# Cryptography, Can you brake the CODE?



## akshar (Jun 24, 2005)

Cryptography

Cryptography is the study of different methods of encryption, decryption and cryptanalysis of data. Whenever any sensitive information is sent on internet we must think about it's safety. It should not fall in wrong hands hence it is not sent the way it is supposed to be sent. It is encrypted. I hope you know what is meant by encryption. Encryption involves changing the original data such that it looses it's original form and becomes unreadable. Only the person you wish to read the data can read it after decrypting it. That means the method of decryption is known only to you and him. You must have understood what is encryption and what is it's need. This tutorial is too big and you should understand some jargon to understand it properly. 

Plaintext: The original data you want to send 

Ciphertext: The encrypted data 

Cipher: The method of encryption, encryption algorithm 

Crypto-analysis: The method by which a crypto-analyst generates plaintext from ciphertext when nothing is known to him about plaintext or nature of cipher. Evidently it's a hackers job. 

The most basic cipher would be a substitution cipher. In this cipher every character in plaintext is replaced by another corresponding character. e.g. Consider a message
On the full moon day.
Let us replace a by b, b by c, c by d,.....,z by a. Then we get
Po uif gvmm nppo ebz

This the encrypted text we get. What if somebody gives you such text and tells you to decrypt? It looks difficult but not so difficult also. Any substitution cipher is the simplest to break by analysing it. Do you know that e is the most appearing character in English language? Can you use this knowledge to find out what is replaced for e? Second most appearing letter is t. Find out what is placed for t. Then with 2 observations in hand try to understand the logic of cipher. Now the job is pretty simple. This trick may not work for small sentences but works fine for long sentences. This method of breaking a cipher is called cryptoanalysis. If you can't take so much of pain to your head you can do something called bruteforcing. In this method you try all the possible substitutions. So in above case you will have to write a program that will try all the possible permutations. You can find out which one is readable and that will be the answer. You will have to try 26! permutions to get any possibility of answer and a 2 Ghz PC will hardly take 5 secs. for it.

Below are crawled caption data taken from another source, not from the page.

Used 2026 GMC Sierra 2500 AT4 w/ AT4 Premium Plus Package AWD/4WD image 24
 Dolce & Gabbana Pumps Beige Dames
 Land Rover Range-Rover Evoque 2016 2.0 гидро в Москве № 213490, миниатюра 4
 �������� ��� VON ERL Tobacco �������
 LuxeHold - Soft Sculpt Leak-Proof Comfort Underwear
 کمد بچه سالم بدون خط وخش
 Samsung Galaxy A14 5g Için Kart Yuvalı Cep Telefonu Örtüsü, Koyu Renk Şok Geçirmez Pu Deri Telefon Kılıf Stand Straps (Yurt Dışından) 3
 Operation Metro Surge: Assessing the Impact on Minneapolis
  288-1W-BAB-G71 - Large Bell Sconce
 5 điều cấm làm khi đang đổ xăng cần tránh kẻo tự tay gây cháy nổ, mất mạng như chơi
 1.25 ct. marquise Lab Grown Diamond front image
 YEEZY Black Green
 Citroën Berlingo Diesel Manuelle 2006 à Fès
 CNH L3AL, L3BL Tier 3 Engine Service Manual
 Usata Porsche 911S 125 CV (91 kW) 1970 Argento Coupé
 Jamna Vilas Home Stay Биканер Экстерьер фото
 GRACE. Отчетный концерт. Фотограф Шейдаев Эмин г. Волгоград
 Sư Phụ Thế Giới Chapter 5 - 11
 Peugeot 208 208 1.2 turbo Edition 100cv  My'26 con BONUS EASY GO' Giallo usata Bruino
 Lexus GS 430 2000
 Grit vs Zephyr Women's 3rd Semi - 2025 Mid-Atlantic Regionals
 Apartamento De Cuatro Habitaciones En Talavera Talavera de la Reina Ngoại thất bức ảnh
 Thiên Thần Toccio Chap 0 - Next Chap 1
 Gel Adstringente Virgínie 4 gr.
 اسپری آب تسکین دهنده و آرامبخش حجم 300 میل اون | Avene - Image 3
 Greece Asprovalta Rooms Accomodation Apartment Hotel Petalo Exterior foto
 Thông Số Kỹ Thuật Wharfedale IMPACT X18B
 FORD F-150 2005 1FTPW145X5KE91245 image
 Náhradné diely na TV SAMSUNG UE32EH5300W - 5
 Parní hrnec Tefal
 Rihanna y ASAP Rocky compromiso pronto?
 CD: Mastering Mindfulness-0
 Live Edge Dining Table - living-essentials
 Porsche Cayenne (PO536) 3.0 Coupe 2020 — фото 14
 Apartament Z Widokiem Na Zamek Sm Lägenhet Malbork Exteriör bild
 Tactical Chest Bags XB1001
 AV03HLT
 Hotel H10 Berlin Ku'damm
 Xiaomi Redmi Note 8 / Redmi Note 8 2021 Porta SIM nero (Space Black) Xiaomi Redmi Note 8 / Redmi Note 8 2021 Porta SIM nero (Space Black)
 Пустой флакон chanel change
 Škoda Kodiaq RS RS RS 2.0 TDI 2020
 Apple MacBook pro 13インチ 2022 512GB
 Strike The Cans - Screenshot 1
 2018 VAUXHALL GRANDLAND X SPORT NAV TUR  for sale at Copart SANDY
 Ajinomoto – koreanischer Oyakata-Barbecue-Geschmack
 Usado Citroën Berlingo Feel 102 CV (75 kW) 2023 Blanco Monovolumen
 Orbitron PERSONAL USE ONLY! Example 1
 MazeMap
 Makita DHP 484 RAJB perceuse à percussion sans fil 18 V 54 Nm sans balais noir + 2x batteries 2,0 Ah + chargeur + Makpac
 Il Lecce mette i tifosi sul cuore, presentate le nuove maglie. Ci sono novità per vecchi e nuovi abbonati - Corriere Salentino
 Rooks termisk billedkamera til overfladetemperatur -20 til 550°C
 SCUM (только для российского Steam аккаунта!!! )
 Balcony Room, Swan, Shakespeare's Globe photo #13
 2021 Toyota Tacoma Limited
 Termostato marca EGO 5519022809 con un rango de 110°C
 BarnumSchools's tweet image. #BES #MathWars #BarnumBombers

Substitution ciphers are rarely seen anywhere may be in newspaper puzzles or some detective novels. In todays world we have ciphers like md5 which are so complex that they are very difficult to understand forget about decrypting it. At the same time people have invented new methods of crypto-analysis like differential crypto-analysis. Understanding these real life algorithms is not a small boy's game. So I will tell you a few ciphers which are still rarely used. XORing is such cipher.

You can xor a character in the string with it's position in the string. Understood? NO!
From the darkness to a new world
xor F with 0
xor r with 1 
.........
You can find such cipher in the first encryption challenge at Hackthissite.org 

Try writing such ciphering and deciphering programs. How about bruteforcing.Can you write a program that will produce all permutations of a given set of characters?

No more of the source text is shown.